WHAT IS BEING ASKED: Take the line containing "Gorgeous 3 Bed" and every line after it to the end of the material below; reproduce them exactly, without pictures.

SUPPLIED INFORMATION:

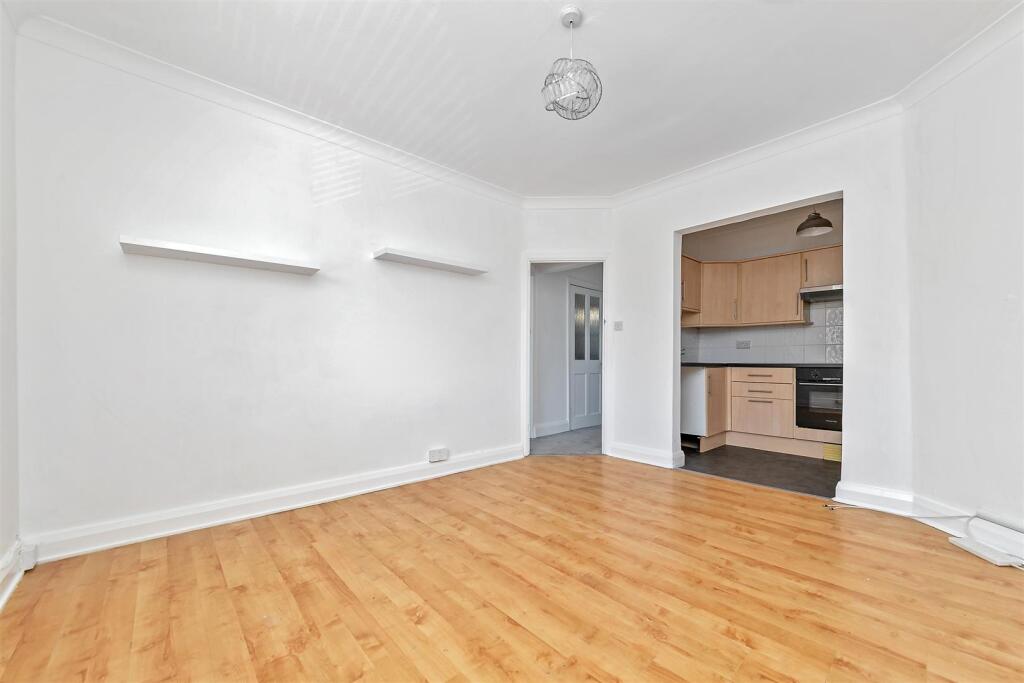 403HatfieldRoad-13.jpg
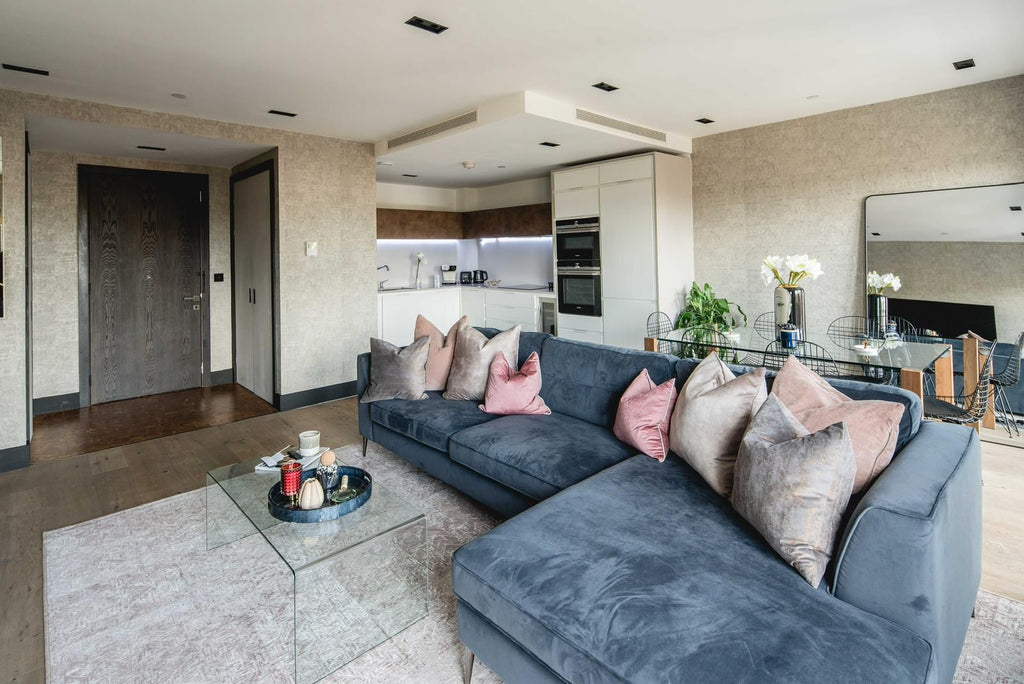 Contemporary 2-Bed, 2-Bath Apartment Near Battersea Power Station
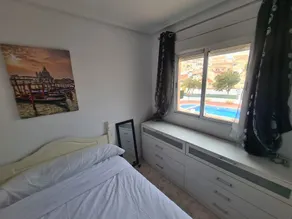 Gorgeous 3 Bed En-Suite, Huge Roof Terrace overlooking Pool and La Marquesa Golf - Image 4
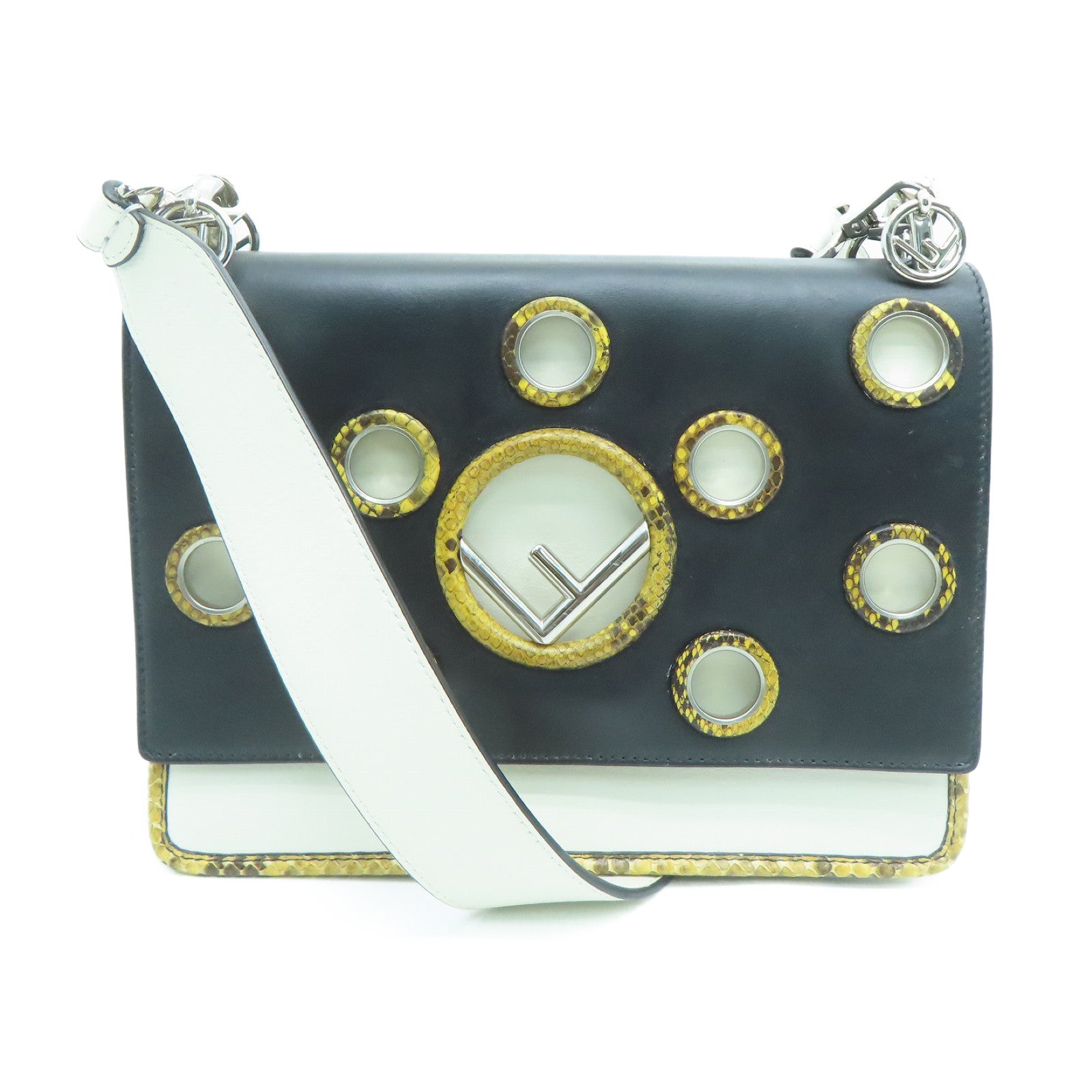FENDI 牛皮皮革Shoulder Bag银扣肩背袋黑色/白色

SOLUTION TO THE PROBLEM:
 Gorgeous 3 Bed En-Suite, Huge Roof Terrace overlooking Pool and La Marquesa Golf - Image 4
FENDI 牛皮皮革Shoulder Bag银扣肩背袋黑色/白色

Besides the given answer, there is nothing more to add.